Heart Attack Risk Factors

Many risk factors for heart disease and heart attacks are related to lifestyle. The following factors are closely associated with a higher risk of heart attacks:

  • Obesity
  • Other health conditions such as high blood pressure, high cholesterol, and diabetes
  • Smoking
  • Excess alcohol consumption
  • Stress
  • Sedentary lifestyle
  • Family history

Heart Attacks and Senior Health

Heart attacks are most common in men over 45 and women over 55. Elderly women are at greater risk of dying from a heart attack since the warning signs often go unrecognized.

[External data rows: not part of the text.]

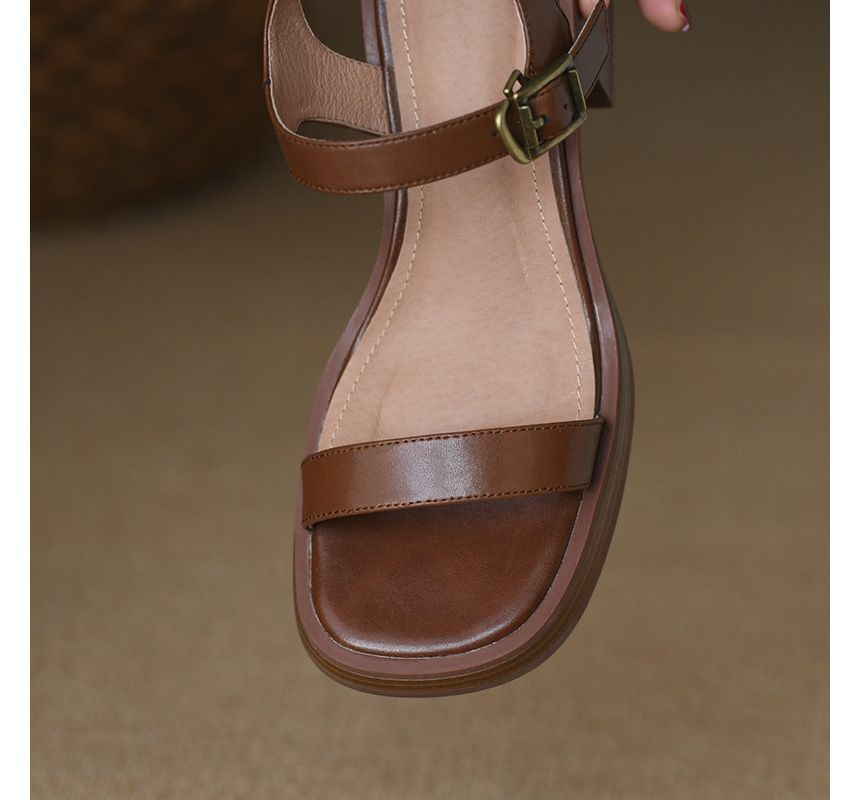 Block-Heel Buckled Sandals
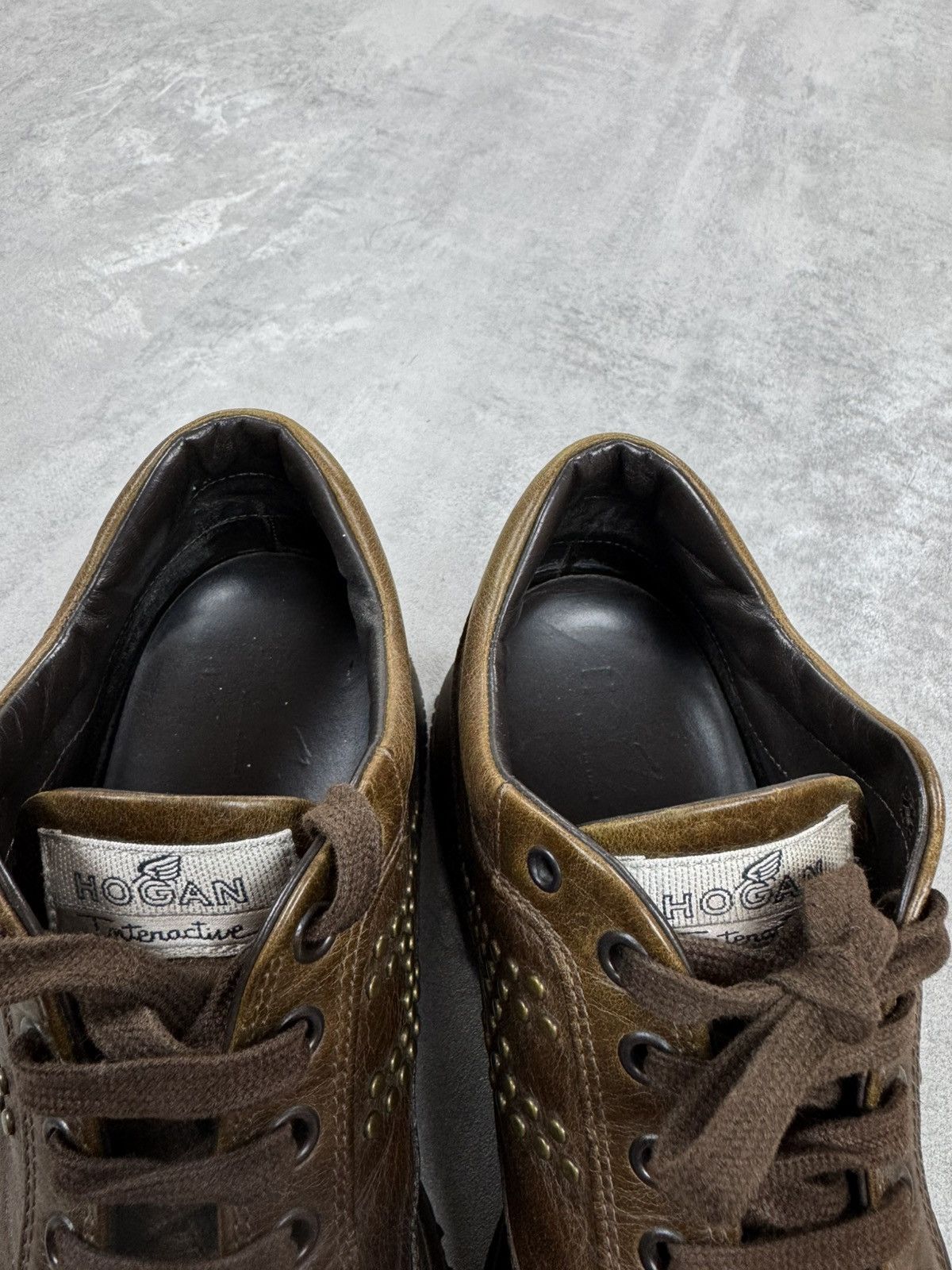 Hogan Womens Leather Brown Low Top Walking Sneakers Size 39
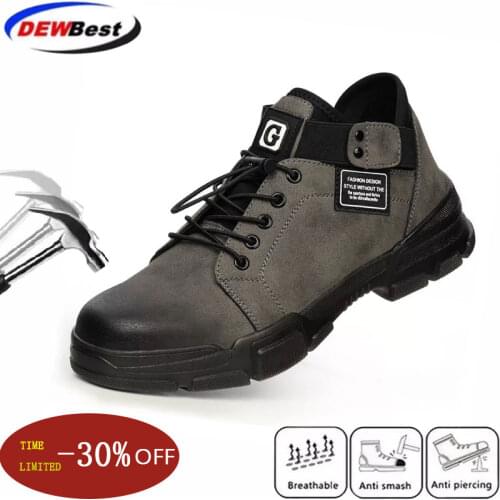 Dewbest Safety shoes men Anti-smashing Steel Toe Steel toe Cap Breathable Wear Resistant High help Cowhide Work Boots 36-45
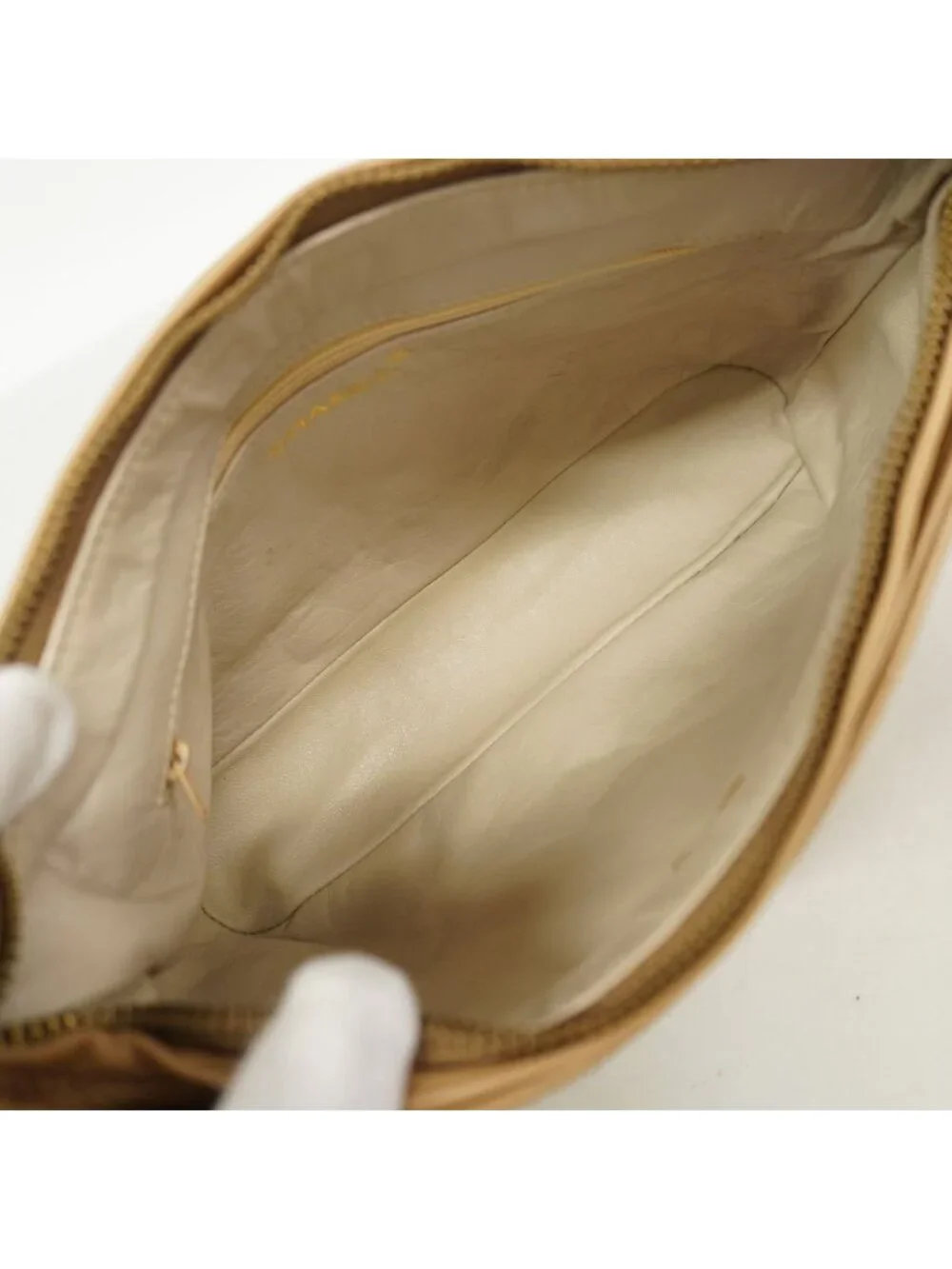 Chanel Shoulder Bag Lambskin Beige Gold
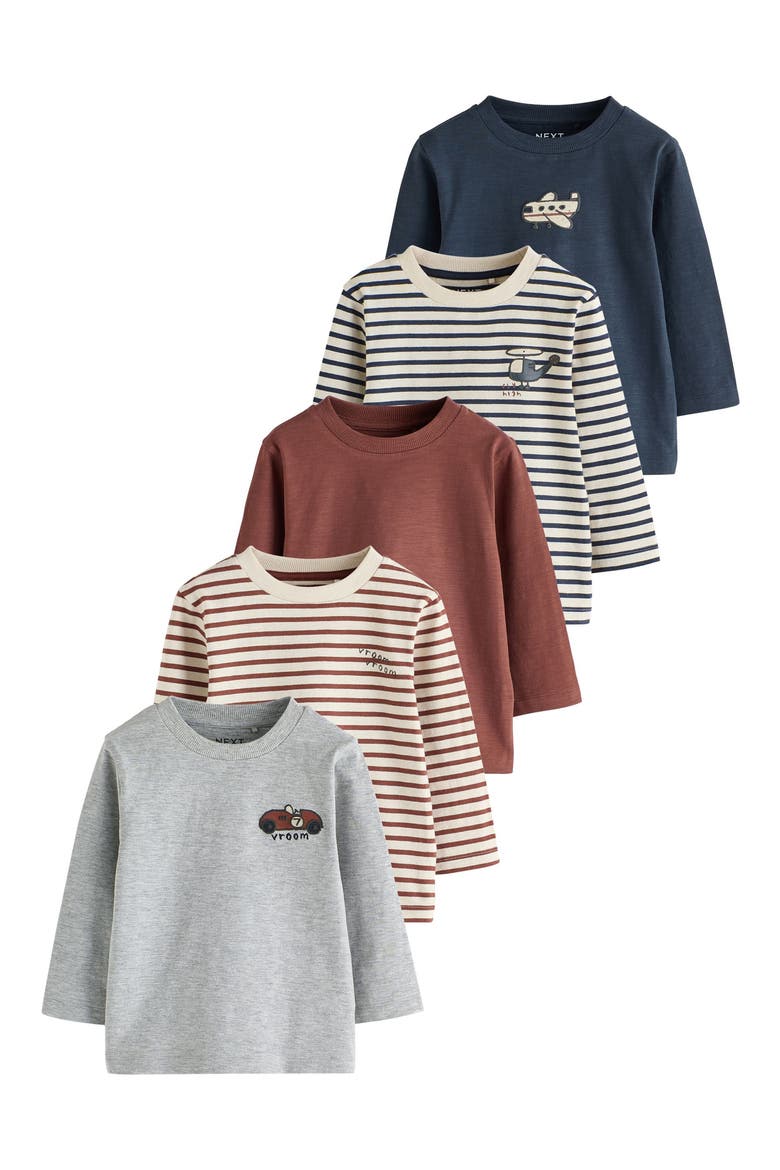 Kids' 5-Pack Assorted Long Sleeve T-Shirts, Main, color, BLUE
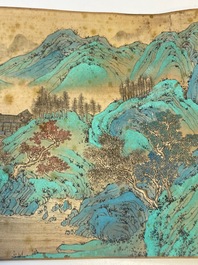 Xu Yang 徐揚 (1712-1777) et Wu Hufan 吳湖帆 (1894-1968): 'Paysage montagneux', dat&eacute; 1755, avec calligraphie post&eacute;rieure, encre et couleurs sur soie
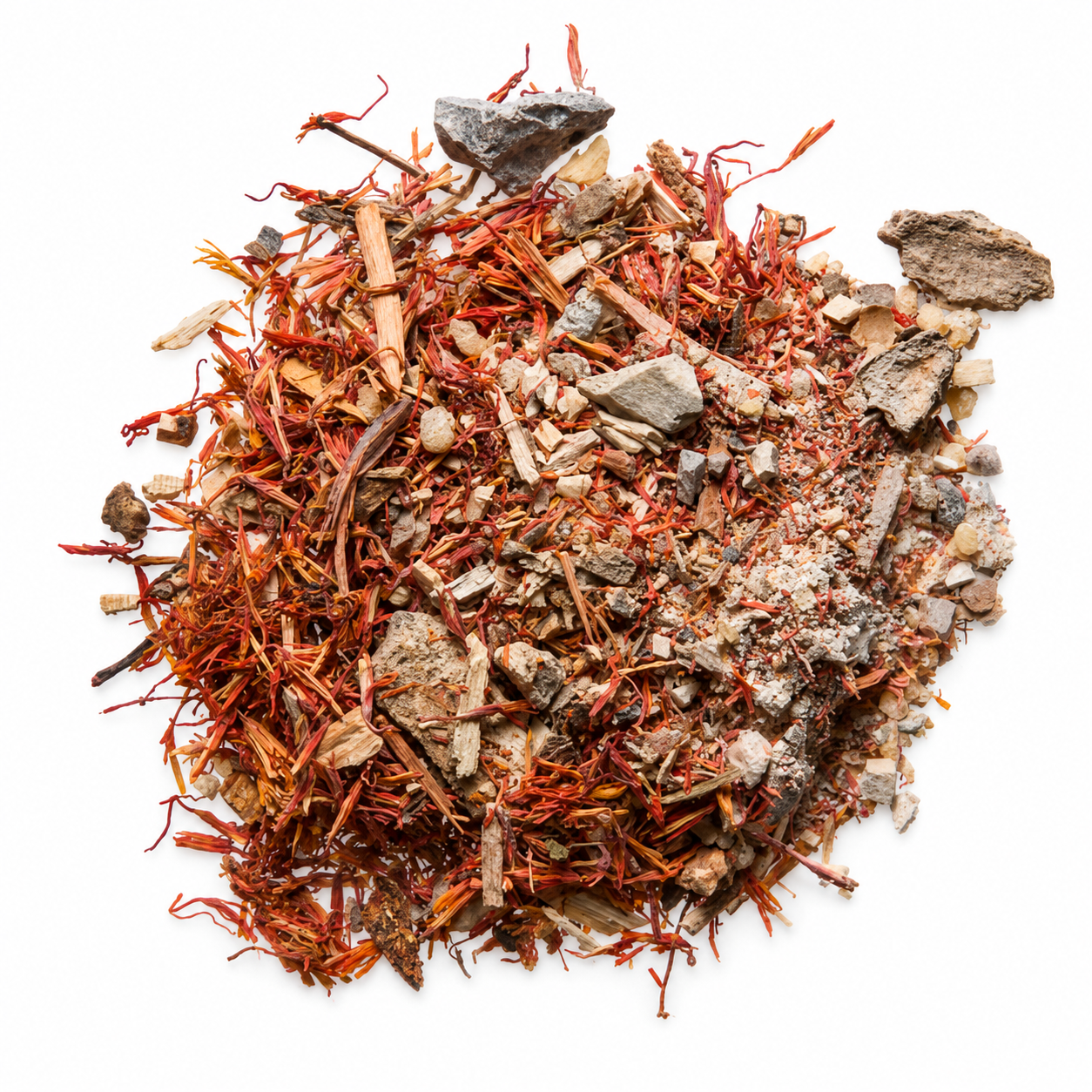 Pile of Ku Yu Cheong Dit Da Jow herbs on white background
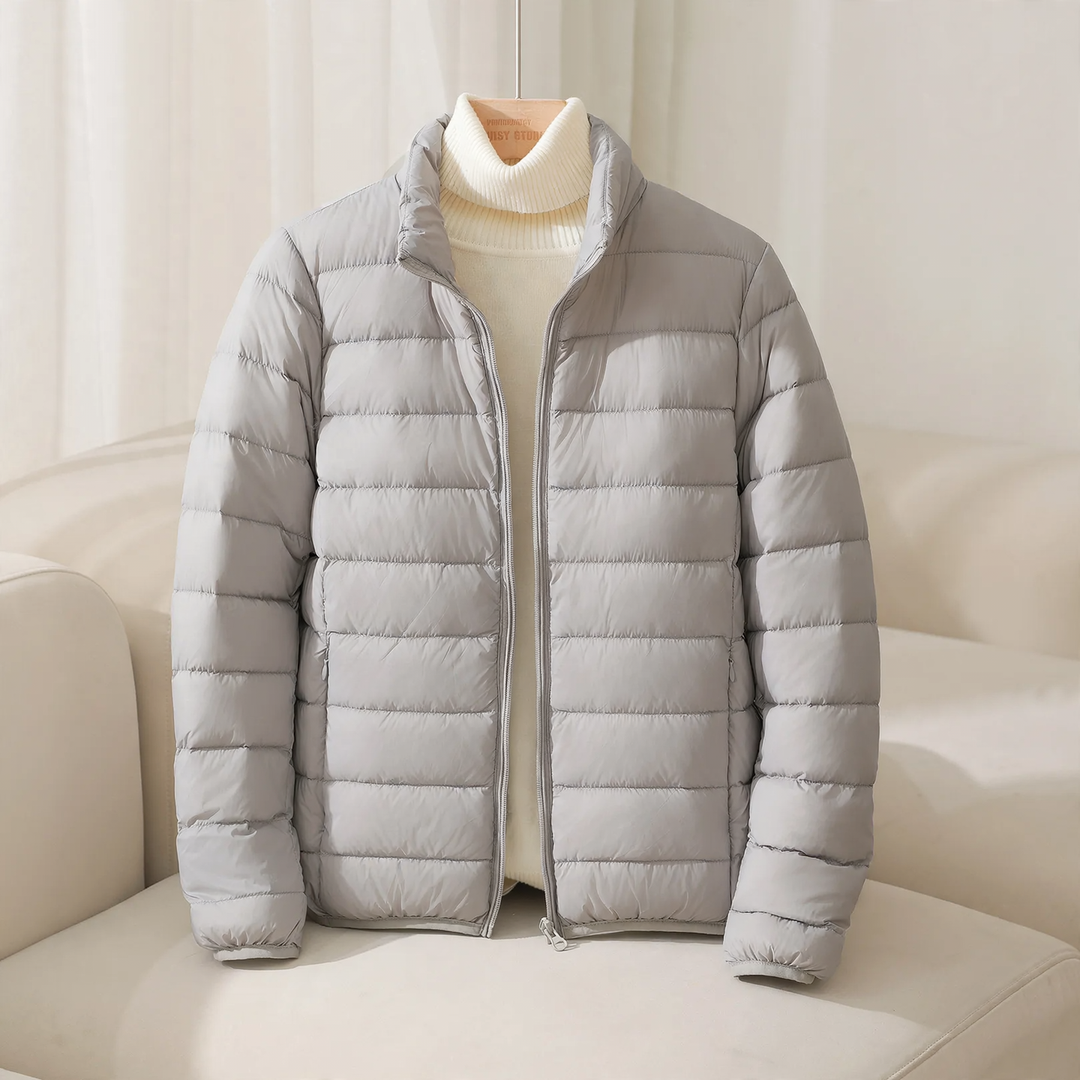 Short, lightweight women's down jacket, stand collar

Symptoms of a Heart Attack

Heart attack symptoms can vary from person to person. In many cases, the individual will deny symptoms because they do not want to alarm others unnecessarily. The most common symptoms include:

  • Pain, pressure, or tightness in the chest or arms. This can spread to the back, neck, or jaw
  • Shortness of breath
  • Sweating
  • Nausea or abdominal pain similar to heartburn
  • Dizziness
  • Fatigue

Women are less likely to experience the chest pain typically associated with a heart attack. Women are more likely to experience pain in the jaw or back. Many women having a heart attack experience shortness of breath, sweating, nausea, and fatigue. These symptoms are often confused with other illnesses such as the flu or hormonal changes associated with menopause.

Heart Attack Prevention

You can reduce your risk of heart attack by adopting a healthy lifestyle:

  • Exercise daily
  • Eat foods low in saturated fat and cholesterol
  • Avoid tobacco and alcohol
  • Maintain a healthy weight

You should also work closely with your doctor to manage other health conditions, such as high blood pressure and diabetes, that can increase your chances of a heart attack.